Your answer must be an exact transcription of every record.

**RECORD EXTRACTS**
.....

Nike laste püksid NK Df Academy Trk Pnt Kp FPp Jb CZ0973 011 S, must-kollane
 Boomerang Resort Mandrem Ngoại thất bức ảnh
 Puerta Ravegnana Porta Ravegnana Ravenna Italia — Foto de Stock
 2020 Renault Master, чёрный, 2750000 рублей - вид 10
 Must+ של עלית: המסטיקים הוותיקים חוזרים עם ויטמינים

.....

**TASK ANSWER**
Nike laste püksid NK Df Academy Trk Pnt Kp FPp Jb CZ0973 011 S, must-kollane
 Boomerang Resort Mandrem Ngoại thất bức ảnh
 Puerta Ravegnana Porta Ravegnana Ravenna Italia — Foto de Stock
 2020 Renault Master, чёрный, 2750000 рублей - вид 10
 Must+ של עלית: המסטיקים הוותיקים חוזרים עם ויטמינים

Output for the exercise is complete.